DLA Piper noted that the trends predicted in its June 2023 Global Real Estate Annual State of the Market Survey seem to be holding true, including that current economic conditions will continue to dampen commercial real estate transactions.
DLA Piper reported the most activity in the purchase and sale of multifamily housing, with a specific increase in senior housing transactions. Also, the firm observed steady activity in leasing, land use and permitting and joint ventures.
Additionally, industrial properties–such as logistics hubs, warehouses and cold storage facilities–have shown to be attractive investments. DLA Piper reported an increase in retail, hotel and data center deals for the first half of the year, but offices continued to struggle. Life science deals slowed amid less investment in the sector.
DLA Piper noted a trend of 270-day rep/warranty survival periods in 2022, with nine months as the most frequent rep/warranty survival period in the purchase and sale agreements the firm negotiated during the first half of the year.

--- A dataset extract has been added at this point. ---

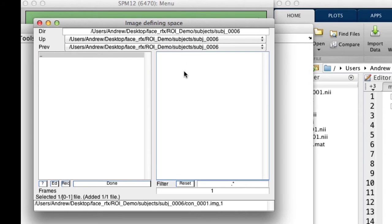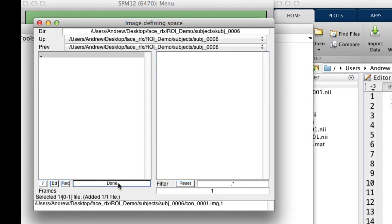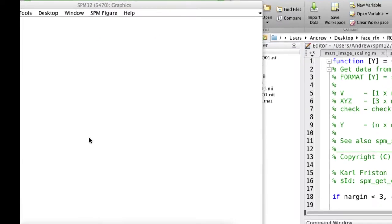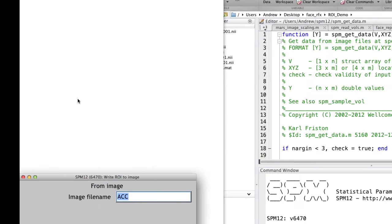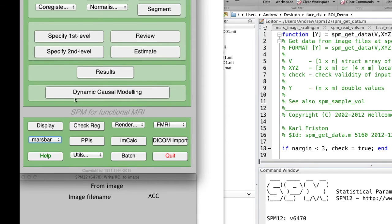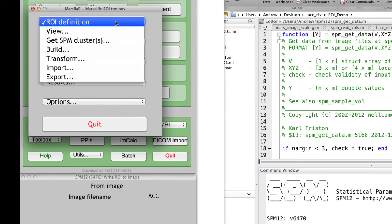Now, go ahead, select the contrast image, and then click the dot to save that ROI to the current directory. Let's call it ACC, hit return, and then select MarsBar again so that we can visualize exactly where that ROI is.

In terms of property management fees, DLA Piper found that the percentages varied based on asset class. All asset classes had property management fee percentages in the 3-4.99% range; industrial, life science, mixed use, and office had a substantial percentage of fees below that range.
More than 75% of multifamily property management fees were in the 3-4.99% range, but about 66% of senior housing property management fees were above 5%.
For construction management fees, DLA Piper pegged trends at the 2-2.99% range and 5%-plus range.